In a time like this, it’s heartening to see some outport communities thriving in new ways. Fogo Island gets all the attention and most of the tourists, due to favourite daughter Zita Cobb (a multibillionaire tech executive) throwing in a ton of money into creating a luxury hotel (which I admittedly find ugly) and some other architecturally daring buildings scattered around remote locations on the already-remote island, inviting artists from around the world to take up residency — I managed to visit one by fortune, with German black-and-white-watercolour artist Silke Otto-Knapp opening the door allowing us a view into her beautiful, though somewhat impractical, studio where she was working on several new pieces. The island’s many towns have managed to stave off federally-imposed forced relocation, and have successfully attracted international attention and visitors that shore up plenty of jobs for locals.
On a completely different note, Fogo Island is also believed to be a corner of the Earth by the Flat Earth Society. Okay.

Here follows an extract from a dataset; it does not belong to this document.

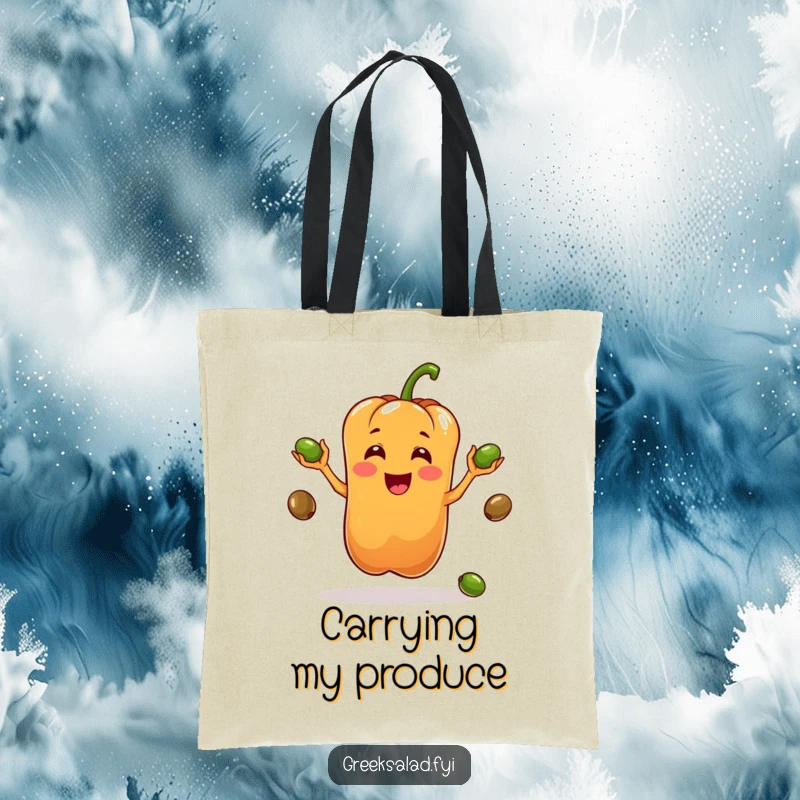 Funny tote bag showcasing a bell pepper character expertly juggling several olives, perfect for carrying groceries or everyday items.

Still… it was the neighbouring island and its sole town of Change Islands that truly captured my heart in the mere two days (minus the daytrip to Fogo) I was there. Far more tranquil and quiet, I got completely lost upon arrival and managed to drive down every single road on the islands. Not that I minded at all! Around every corner or hillcrest was yet another breathtaking scene of coastline and houses and shacks hanging over the edges, and every person I passed by — kids, adults, seniors — gave a friendly wave. But between B&B owner and Ontario-transplant David and his partner, Massachusetts-transplant Carl and his son Adam, and their local friends Basil and Cherry, I received an overwhelmingly immediate warm welcome. Nothing like a lovely dinner, sunset boat ride around the islands, great conversation, a fine view, and some good reading material to while away the evenings!

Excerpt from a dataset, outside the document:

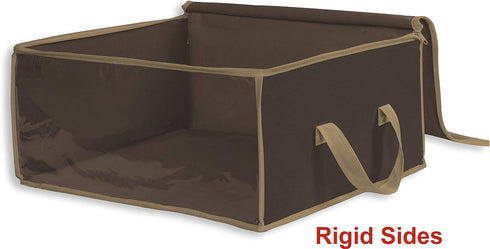 Simple Houseware 3 Pack Foldable Closet Organizer Clothing Storage Box with Clear Window, Brown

Trinity and Bonavista, Newfoundland and Labrador
I woke up early two consecutive mornings to hike the Skerwink Trail, next to the hostel I was staying at in Trinity East. It’s relatively undemanding, just under two hours long, incredibly scenic…and also incredibly empty, at this time of year. I ran into one single person on the trail, looking absolutely tiny standing on the edge of a cliff. We later ran into each other and hiked the rest of the trail together, picking wild blueberries along the way. Shrouded in the morning mist that first morning, the jagged, rocky coastline, the lightly obscured view of the little town of Trinity, the quickly-hiding stouts (kind of like large weasels), and the complete quiet of an empty trail gave an aura of mystery. The next morning, in full-on sunshine (and again empty), the same scenery looked vast and majestic. Crazy what a little weather does for you.